Extraits du programme d’Anne Hidalgo :

Proposition N° 59:

 « Adapter les règles budgétaires de l’UE aux défis du XXIe siècle.

 « Les règles budgétaires européennes ne doivent plus conduire à l’austérité et être une entrave à la transition écologique et aux investissements d’avenir.

« Je porterai la modernisation de la gouvernance économique européenne, qui doit demeurer un cadre commun, en mettant fin au pacte de stabilité et de croissance (PSC) au profit d’un pacte de progrès aux règles compréhensibles de tous les citoyens, adaptées à la situation économique de chaque État et favorisant l’investissement.

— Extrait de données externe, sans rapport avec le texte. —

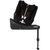Автокресло Cybex Sirona Gi i-Size Plus Moon Black (524001451)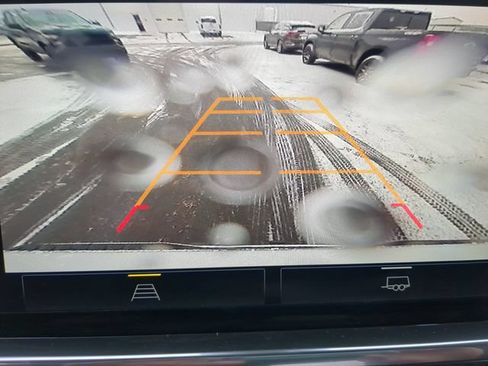 New 2026 Chevrolet Silverado 1500 RST AWD/4WD image 28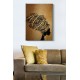 Decorative Canvas Painting Kanvas Tablo (70 x 100) - 17 Multicolor Decorative Canvas Painting Kanvas Tablo (70 x 100) - 17 Multicolor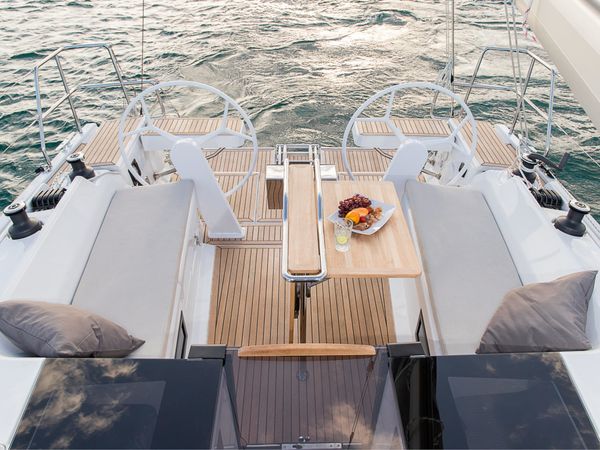 Hanse 388 | Mola 24 Breege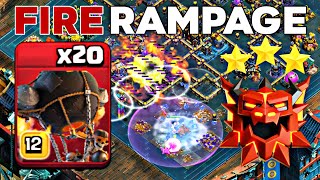 Download Lagu Best TH17 Strategy = Warden Walk Fireball Rocket Balloon Wreaks Battle Ranked Legend Base’s! MP3 Download Lagu Best TH17 Strategy = Warden Walk Fireball Rocket Balloon Wreaks Battle Ranked Legend Base’s! MP3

« Pour être à la hauteur de l’enjeu, l’Union doit être dotée de nouvelles ressources propres afin que son budget soit renforcé : taxe sur les transactions financières et sur les géants du numérique, contribution carbone aux frontières, recours à une fraction de TVA et de l’impôt sur les sociétés permettront de ne plus reposer majoritairement sur les contributions nationales. »

…et même de celui de François Hollande en 2012 ( !)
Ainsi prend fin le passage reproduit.